Por Vanessa Beltrán
Concordia, Sinaloa.- Sobre los cerros en donde los estados de Sinaloa y Durango se abrazan, la gente aún espera a sus familiares que fueron desaparecidos durante la guerra contra el narco del 2008, periodo en el que la privación de la libertad se volvió un fenómeno en la zona.
“Desde el 2008 empezaron las desapariciones. No teníamos la cultura de buscar, nos obligaron a aprenderla”, recuerda don Roque, habitante de la comunidad de Chirimoyos.
Aquel año, un grupo de vecinos organizó una brigada improvisada para encontrar a Luis Gallardo. A pesar de haber sido bautizado con ese nombre, nadie lo conocía como Luis; en la comunidad su nombre era Güito, un joven chofer de apenas 25 años que trabajaba en una góndola que transportaba metal desde las minas hacia la cabecera municipal.
Güito vivía con su madre y sus hermanos; se dedicaba a cuidar de su familia mientras llegaba el momento de formar la propia.

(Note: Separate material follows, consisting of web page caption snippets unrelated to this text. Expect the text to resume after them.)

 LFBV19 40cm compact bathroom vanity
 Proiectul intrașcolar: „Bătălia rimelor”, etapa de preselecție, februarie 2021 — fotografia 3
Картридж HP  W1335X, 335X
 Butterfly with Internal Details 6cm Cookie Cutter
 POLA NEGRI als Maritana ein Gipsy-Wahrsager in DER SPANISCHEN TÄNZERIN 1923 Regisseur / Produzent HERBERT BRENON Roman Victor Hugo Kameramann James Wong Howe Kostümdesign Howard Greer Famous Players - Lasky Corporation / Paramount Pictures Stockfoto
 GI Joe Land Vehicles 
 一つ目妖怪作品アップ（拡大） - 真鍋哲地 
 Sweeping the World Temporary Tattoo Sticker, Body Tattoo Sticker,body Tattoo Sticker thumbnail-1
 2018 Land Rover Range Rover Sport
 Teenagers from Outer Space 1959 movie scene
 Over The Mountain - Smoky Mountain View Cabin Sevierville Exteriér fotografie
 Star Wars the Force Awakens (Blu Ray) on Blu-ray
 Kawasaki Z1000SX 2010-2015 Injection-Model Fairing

Una noche, hombres armados irrumpieron en su vivienda y se lo llevaron frente a su familia.
Entre caminos de subidas y bajadas que castigaban las piernas, e incluso con bordes peligrosos, los pobladores comenzaron una búsqueda para localizar alguna señal de él. La búsqueda no tuvo éxito, ya que, desde el momento en que fue secuestrado por los gatilleros, no se supo nada más del joven.
Sin embargo, en el trayecto hallaron otro cuerpo: se trataba de Ernesto Medrano.
Ernesto era un jornalero que trabajaba cosechando maíz y frijol. Había sido privado de su libertad en Potrerillos, a una hora de Chirimoyos, lugar donde, dos semanas después de su desaparición, fue encontrado sin vida y en avanzado estado de descomposición.
Desde aquellas primeras desapariciones hasta hoy, los vecinos calculan que alrededor de 30 personas han desaparecido en las comunidades serranas de los poblados de Potrerillos, Chirimoyos y La Petaca. Muchos de esos casos nunca fueron denunciados oficialmente.
Las madres buscadoras han vuelto a subir a la sierra.
En los últimos meses, algunos grupos de madres buscadoras provenientes de Mazatlán y, principalmente, del estado de Durango recorren algunos caminos de la zona elevada del sur de Sinaloa; sin embargo, la geografía es antagonista de la búsqueda de osamentas.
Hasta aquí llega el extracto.